James offers an explanation of why created women can never compare favourably with the real thing. In the introduction, she discusses the tragic story of Myrrha: immediately following the Pygmalion episode in Ovid’s text is the myth of Myrrha, the statue’s great-granddaughter, who incestuously falls in love with her own father. While the ivory statue is silent, James points out that Myrrha delivers a vivid monologue echoing Pygmalion’s desire for his sculpture. The modern successors of the silent statue all speak, but, as James ponders, can patriarchally manufactured women really articulate true female voices? Probably not.
Both Pygmalion and Myrrha harbour unnatural passions. In Ovid, Myrrha is rejected by her father and turned into tree, but Pygmalion seems to suffer no punishment. Nevertheless, in James’s choice of contemporary receptions we see the drawbacks of falling in love with a man-made creation, and ultimately the “perfect woman” is rejected in favour of her flawed but real sister.
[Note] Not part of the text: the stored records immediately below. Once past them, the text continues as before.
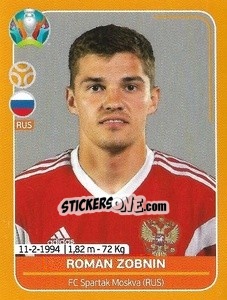 Sticker Roman Zobnin - UEFA Euro 2020 Preview. 528 stickers version n. RUS22 - Panini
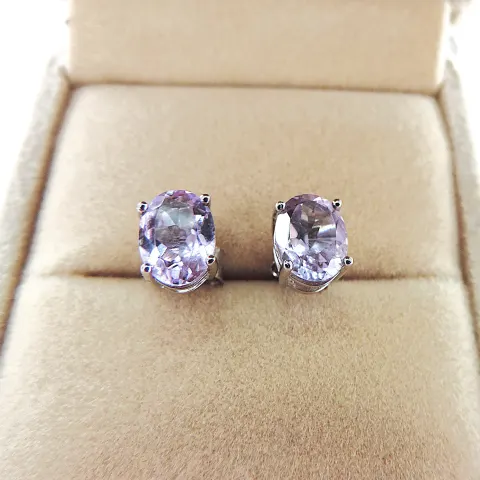 925 Silver Amethyst Gemstone Stud Earrings 'New'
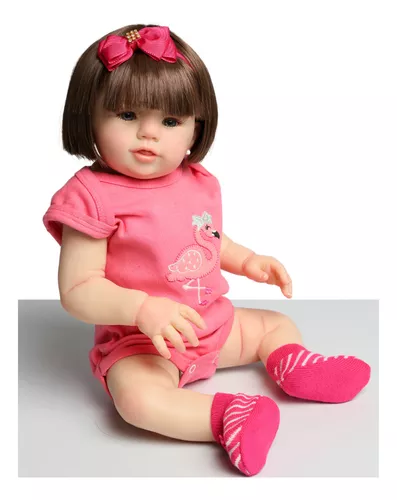 Boneca Bebê Reborn Silicone Cabelo Implantado Olhos Verdes 55 cm Realista -  MUNDO KIDS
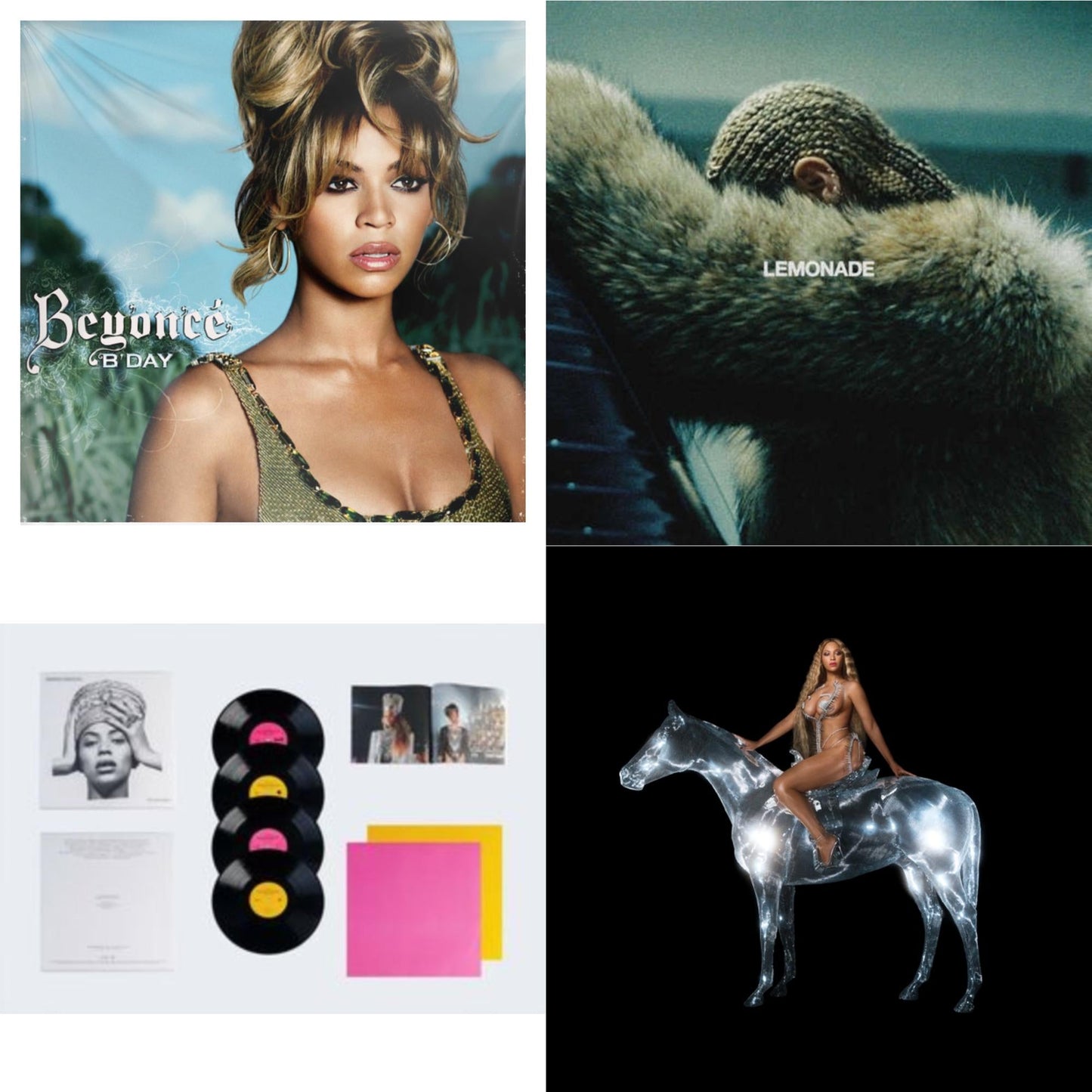 Beyonce - B'day (2LP/180G) & Lemonade (Limited 180G Yellow LP Vinyl/Dl Card Includes Audio & Video) & Homecoming: The Live Album (4LP/Slipcase Jacket/Booklet) & Renaissance (X) (180G/2LP)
Drawing on an impressive range of scholarship, James generously acknowledges the work of others as well as forming her own conclusions surrounding the ultimate inadequacies of the created feminine ideal.. The book explores the ongoing fascination with Ovid’s Pygmalion story, explains why it still has powerful resonances today and, furthermore, suggests how its new reworkings can illuminate readings of Ovid’s Metamorphoses itself.
1. Bloom, M. E., “Pygmalionesque Delusions and Illusions of Movement: Animation from Hoffmann to Truffaut”, Comparative Literature, Fall (December) 2000, vol. 52, no. 4, pp. 291-320.